Great ski weather, great deals
As nearby slopes get snow, winter sports enthusiasts can sell old gear and get new items at Ski Swap event
With the first day of a promising ski season less than a week away, the Santa Fe Ski Team hopes to help local snow sports enthusiasts get a good deal by gearing up at its annual Ski Swap — an opportunity to buy and sell used equipment.
The swap opens Friday evening at the Genoveva Chavez Community Center and continues Saturday.
Skiers and snowboarders can offer up their old gear for a fee of $2 per pair or item. Ski Santa Fe and other winter sports dealers also will have booths at the event, offering specials on goods and season passes.
Ski Santa Fe announced Thursday that almost all of its lifts will start running Thanksgiving Day, and about 65 percent of the slopes will be open, including parts of the upper mountain.

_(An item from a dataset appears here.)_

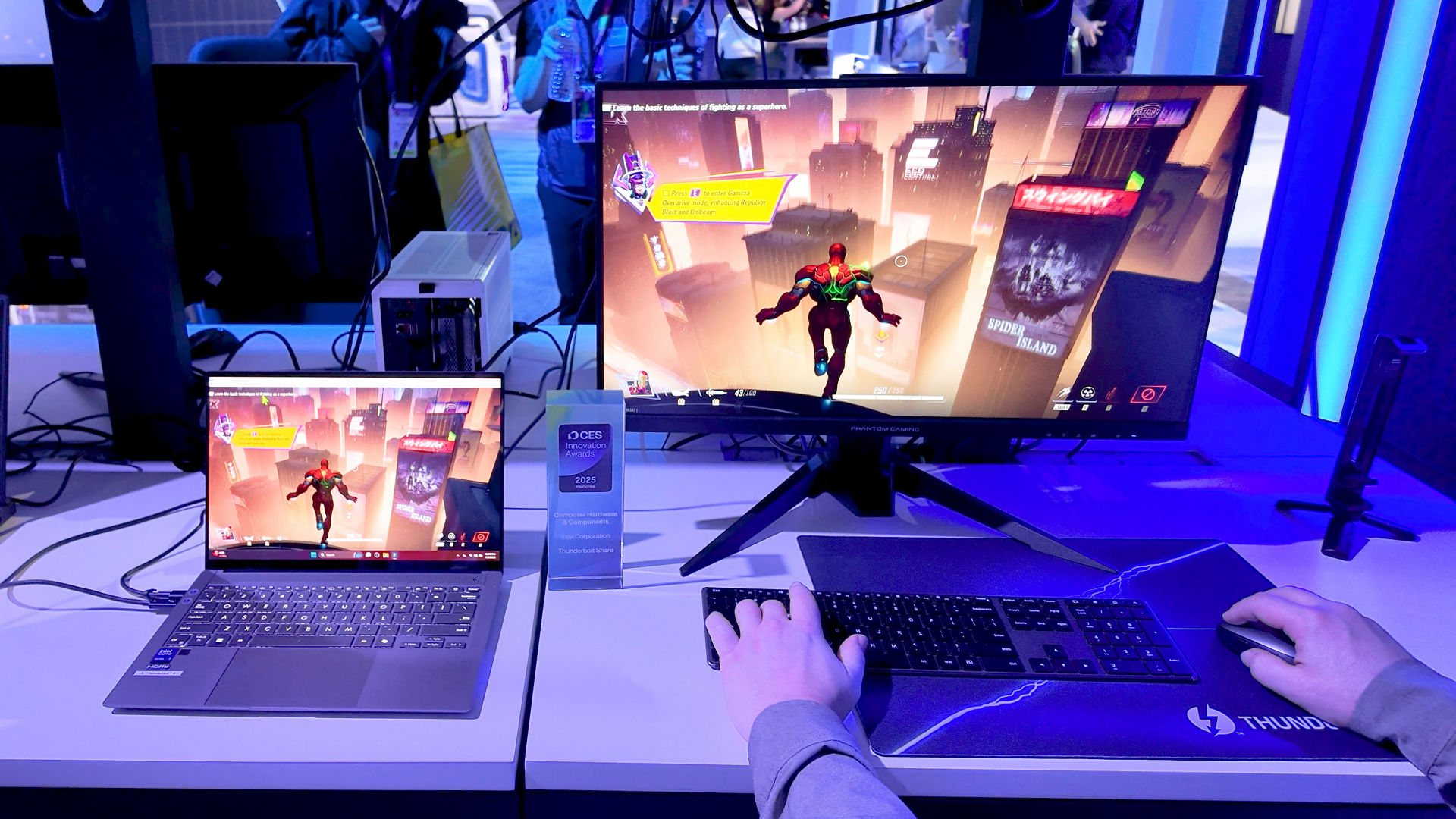 Uma pessoa joga num monitor de secretária, com o mesmo jogo apresentado num portátil ao lado.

The only lift that won’t be operating on opening day is the Chipmunk Corner beginner lift, the news release said.
“There’s a lot of enthusiasm this year,” said Candy DeJoia, a spokeswoman for the ski area. “We’re looking forward to a good year.”
New Mexico meteorologists have been predicting for weeks that an El Niño weather pattern would bring an increase in snowfall to Northern New Mexico this season, compared to the warm, dry winter last year that left little snowpack on the slopes.
DeJoia said the ski basin had received 35 inches of snow by Thursday, compared to a total of 54 inches in the entire 2017-18 ski season, from December to March.
The base depth on the mountain was 20 inches Thursday, compared to about 12 inches throughout 2017-18 — most of that man-made snow.
Last year, light snows delayed Ski Santa Fe’s opening day until Dec. 9, and runs on the upper mountain couldn’t open until late in the season.
Spokeswoman Susan Fox said upper-mountain trails will be open Thanksgiving Day, but Ski Santa Fe won’t announce which ones until a couple of days before the season’s launch.
About 1,000 people had purchased an early season pass by the closing date Monday, DeJoia said, adding that snowfalls earlier this month, including a winter blast Sunday night and Monday that dumped more than a foot of snow on the mountain, have helped build enthusiasm for the season.
“There’s a lot of good excitement around it,” Fox said.